[Collection entries]
--

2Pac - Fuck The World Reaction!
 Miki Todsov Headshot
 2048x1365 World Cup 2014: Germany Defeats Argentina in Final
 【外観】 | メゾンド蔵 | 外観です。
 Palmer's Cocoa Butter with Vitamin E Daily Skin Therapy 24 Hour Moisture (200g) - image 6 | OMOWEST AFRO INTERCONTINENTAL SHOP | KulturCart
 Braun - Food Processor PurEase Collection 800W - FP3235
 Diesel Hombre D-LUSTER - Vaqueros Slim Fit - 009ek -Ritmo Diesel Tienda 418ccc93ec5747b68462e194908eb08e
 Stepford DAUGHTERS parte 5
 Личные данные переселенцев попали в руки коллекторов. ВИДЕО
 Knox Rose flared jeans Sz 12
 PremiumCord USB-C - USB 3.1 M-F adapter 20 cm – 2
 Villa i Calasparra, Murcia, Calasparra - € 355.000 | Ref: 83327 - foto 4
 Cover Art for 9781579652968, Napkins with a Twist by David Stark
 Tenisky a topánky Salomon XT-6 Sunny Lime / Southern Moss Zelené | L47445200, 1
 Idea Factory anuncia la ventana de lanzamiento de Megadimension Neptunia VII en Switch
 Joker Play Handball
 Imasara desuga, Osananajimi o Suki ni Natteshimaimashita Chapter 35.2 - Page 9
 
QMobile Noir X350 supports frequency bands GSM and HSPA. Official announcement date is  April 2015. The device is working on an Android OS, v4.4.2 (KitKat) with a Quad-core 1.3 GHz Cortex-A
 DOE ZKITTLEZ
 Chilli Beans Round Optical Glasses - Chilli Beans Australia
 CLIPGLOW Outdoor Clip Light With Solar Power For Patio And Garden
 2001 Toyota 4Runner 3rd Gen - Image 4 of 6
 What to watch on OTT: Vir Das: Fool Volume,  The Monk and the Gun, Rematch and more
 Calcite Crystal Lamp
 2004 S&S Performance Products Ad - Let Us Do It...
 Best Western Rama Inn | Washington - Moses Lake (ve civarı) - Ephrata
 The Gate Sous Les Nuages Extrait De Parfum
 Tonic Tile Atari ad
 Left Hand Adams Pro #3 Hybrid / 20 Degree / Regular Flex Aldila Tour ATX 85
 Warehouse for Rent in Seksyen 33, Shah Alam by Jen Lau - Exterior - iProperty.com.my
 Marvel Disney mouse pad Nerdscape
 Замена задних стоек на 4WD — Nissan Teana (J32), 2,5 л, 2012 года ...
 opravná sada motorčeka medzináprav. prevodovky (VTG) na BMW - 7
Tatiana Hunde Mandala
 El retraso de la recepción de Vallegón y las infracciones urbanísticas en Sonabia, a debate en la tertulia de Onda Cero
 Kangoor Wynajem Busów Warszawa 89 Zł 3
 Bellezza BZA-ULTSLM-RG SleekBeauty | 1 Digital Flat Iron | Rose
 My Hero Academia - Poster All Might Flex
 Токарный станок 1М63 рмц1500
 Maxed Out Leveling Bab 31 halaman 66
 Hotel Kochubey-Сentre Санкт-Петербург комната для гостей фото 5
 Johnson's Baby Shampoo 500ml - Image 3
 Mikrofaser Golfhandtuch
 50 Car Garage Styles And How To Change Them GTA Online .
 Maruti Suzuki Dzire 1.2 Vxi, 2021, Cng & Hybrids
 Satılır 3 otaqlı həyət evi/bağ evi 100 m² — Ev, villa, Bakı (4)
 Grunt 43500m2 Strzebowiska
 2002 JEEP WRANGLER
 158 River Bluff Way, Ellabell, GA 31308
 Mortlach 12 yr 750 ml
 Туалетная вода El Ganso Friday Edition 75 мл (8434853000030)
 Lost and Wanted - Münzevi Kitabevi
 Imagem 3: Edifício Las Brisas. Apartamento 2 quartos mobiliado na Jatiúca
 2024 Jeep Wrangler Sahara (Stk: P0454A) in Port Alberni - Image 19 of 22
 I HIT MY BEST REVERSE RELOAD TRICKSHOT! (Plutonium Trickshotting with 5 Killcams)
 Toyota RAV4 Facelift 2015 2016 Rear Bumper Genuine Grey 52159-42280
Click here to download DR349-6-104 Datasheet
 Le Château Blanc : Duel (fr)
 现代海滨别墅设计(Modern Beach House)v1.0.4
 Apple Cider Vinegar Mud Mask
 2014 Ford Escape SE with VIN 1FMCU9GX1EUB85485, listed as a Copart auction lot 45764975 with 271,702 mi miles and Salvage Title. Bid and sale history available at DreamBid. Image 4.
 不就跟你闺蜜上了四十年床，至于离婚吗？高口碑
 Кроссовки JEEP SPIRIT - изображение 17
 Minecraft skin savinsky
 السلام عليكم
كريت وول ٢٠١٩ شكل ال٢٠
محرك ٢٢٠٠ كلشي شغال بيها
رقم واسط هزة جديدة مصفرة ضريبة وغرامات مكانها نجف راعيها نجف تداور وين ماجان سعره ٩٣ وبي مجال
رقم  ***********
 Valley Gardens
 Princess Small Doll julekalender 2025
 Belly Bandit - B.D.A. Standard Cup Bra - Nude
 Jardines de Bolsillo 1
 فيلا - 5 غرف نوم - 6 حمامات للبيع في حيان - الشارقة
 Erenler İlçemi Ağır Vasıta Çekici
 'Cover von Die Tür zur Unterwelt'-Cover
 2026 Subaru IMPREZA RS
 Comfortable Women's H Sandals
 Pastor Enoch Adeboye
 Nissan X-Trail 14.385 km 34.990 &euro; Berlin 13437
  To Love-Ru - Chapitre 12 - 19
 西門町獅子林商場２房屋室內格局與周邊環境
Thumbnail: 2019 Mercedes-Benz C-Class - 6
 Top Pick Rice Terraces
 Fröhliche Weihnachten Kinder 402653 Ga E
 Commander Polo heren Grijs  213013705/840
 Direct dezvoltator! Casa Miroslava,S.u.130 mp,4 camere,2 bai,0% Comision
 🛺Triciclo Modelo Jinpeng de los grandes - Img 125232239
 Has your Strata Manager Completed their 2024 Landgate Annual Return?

--

In the records above, find the line with "QMobile Noir X350"; write out exactly that line and each one after it, stopping after the line with "Tatiana Hunde Mandala".

QMobile Noir X350 supports frequency bands GSM and HSPA. Official announcement date is  April 2015. The device is working on an Android OS, v4.4.2 (KitKat) with a Quad-core 1.3 GHz Cortex-A
 DOE ZKITTLEZ
 Chilli Beans Round Optical Glasses - Chilli Beans Australia
 CLIPGLOW Outdoor Clip Light With Solar Power For Patio And Garden
 2001 Toyota 4Runner 3rd Gen - Image 4 of 6
 What to watch on OTT: Vir Das: Fool Volume,  The Monk and the Gun, Rematch and more
 Calcite Crystal Lamp
 2004 S&S Performance Products Ad - Let Us Do It...
 Best Western Rama Inn | Washington - Moses Lake (ve civarı) - Ephrata
 The Gate Sous Les Nuages Extrait De Parfum
 Tonic Tile Atari ad
 Left Hand Adams Pro #3 Hybrid / 20 Degree / Regular Flex Aldila Tour ATX 85
 Warehouse for Rent in Seksyen 33, Shah Alam by Jen Lau - Exterior - iProperty.com.my
 Marvel Disney mouse pad Nerdscape
 Замена задних стоек на 4WD — Nissan Teana (J32), 2,5 л, 2012 года ...
 opravná sada motorčeka medzináprav. prevodovky (VTG) na BMW - 7
Tatiana Hunde Mandala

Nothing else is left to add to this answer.